*What is being asked*:
For the word "Lane", give the number of lines in these entries that contain it, with nothing else.

------------------------------------------------------------

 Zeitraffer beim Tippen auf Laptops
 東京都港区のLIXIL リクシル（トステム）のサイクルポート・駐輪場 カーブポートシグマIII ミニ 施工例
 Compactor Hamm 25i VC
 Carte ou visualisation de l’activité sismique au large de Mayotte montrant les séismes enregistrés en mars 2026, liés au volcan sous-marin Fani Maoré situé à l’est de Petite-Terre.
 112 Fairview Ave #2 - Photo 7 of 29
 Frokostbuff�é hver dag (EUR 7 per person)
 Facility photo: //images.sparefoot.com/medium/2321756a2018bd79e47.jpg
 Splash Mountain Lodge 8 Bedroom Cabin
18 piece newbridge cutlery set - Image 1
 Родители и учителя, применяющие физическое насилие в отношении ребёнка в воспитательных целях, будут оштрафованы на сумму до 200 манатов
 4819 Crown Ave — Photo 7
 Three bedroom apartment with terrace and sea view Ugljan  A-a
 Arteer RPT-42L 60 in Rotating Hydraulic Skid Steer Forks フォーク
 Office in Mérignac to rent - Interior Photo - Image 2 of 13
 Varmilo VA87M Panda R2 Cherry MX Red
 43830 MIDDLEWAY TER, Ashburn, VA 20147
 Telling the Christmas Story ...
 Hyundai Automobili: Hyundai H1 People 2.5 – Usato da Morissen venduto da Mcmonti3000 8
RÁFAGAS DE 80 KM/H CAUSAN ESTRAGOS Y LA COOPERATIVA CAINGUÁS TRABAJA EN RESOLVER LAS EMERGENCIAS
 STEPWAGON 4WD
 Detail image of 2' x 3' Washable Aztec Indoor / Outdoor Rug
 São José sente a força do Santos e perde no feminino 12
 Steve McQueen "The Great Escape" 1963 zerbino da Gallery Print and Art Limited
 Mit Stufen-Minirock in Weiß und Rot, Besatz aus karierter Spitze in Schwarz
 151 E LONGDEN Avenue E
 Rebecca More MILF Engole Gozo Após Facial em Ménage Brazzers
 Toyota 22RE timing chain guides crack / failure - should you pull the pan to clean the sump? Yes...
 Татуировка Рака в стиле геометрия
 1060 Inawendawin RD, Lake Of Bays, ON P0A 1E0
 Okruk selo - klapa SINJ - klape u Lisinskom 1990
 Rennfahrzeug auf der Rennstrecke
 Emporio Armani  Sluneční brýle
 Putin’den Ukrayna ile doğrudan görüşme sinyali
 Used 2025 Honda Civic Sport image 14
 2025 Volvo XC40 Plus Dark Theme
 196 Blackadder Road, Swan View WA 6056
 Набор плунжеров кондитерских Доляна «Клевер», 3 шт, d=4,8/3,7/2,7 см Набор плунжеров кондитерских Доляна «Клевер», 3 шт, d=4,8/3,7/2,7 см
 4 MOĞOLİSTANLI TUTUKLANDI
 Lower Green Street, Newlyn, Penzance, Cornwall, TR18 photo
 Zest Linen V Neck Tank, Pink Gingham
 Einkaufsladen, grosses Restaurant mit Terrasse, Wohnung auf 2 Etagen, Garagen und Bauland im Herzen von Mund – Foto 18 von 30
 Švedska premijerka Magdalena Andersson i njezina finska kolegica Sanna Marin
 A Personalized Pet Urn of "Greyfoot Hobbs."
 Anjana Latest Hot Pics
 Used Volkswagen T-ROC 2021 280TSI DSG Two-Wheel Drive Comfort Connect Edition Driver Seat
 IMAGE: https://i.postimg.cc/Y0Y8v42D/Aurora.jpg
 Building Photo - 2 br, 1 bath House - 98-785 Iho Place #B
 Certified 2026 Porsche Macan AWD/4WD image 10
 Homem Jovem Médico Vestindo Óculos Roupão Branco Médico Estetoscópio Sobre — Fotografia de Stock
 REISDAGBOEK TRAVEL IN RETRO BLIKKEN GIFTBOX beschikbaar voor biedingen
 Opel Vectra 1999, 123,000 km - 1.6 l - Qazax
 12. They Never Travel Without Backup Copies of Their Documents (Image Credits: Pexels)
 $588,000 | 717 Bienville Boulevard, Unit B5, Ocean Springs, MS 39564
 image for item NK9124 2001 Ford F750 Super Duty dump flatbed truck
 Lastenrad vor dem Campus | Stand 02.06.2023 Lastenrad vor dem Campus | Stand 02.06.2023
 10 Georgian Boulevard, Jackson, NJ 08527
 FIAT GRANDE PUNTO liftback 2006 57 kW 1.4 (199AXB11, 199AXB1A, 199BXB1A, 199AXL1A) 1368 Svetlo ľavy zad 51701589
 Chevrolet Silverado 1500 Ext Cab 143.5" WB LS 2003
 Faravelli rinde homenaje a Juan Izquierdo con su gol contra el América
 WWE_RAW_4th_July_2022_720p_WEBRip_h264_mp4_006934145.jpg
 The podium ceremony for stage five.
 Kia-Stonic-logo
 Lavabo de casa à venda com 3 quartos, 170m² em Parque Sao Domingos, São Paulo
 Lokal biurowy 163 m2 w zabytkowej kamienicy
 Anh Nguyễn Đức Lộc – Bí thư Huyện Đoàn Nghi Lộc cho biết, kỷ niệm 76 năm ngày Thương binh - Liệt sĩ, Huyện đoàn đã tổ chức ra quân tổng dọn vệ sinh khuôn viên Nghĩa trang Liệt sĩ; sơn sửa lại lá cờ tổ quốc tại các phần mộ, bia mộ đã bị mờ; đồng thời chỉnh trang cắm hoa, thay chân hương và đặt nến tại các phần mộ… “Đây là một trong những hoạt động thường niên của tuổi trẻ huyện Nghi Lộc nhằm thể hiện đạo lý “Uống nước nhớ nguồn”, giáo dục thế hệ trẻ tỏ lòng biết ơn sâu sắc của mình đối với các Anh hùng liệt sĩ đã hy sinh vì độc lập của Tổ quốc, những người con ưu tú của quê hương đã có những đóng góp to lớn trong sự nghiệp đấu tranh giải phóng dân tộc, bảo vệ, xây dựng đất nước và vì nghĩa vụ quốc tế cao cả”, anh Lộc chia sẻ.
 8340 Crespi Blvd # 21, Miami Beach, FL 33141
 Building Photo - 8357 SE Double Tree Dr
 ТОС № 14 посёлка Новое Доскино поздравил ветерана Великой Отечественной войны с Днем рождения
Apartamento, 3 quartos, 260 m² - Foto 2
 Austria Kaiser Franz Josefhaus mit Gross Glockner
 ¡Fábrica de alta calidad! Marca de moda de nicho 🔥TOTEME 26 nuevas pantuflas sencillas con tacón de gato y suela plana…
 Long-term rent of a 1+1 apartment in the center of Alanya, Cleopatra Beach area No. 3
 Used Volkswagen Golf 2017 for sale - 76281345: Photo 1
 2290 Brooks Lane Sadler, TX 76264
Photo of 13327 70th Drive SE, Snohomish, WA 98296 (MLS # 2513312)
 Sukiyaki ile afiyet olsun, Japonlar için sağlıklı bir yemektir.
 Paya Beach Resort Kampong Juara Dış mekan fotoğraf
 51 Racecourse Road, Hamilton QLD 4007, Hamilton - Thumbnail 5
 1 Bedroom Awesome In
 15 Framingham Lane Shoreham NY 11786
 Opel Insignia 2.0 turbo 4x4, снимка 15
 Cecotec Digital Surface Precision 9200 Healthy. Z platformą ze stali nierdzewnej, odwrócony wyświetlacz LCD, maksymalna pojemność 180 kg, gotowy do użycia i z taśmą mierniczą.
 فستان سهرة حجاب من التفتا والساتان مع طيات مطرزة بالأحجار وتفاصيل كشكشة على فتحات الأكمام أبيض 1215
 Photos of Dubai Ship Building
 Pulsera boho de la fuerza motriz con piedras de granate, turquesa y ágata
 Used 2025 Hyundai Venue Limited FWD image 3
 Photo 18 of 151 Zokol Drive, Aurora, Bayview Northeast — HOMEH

------------------------------------------------------------

*Solution for this task*:
2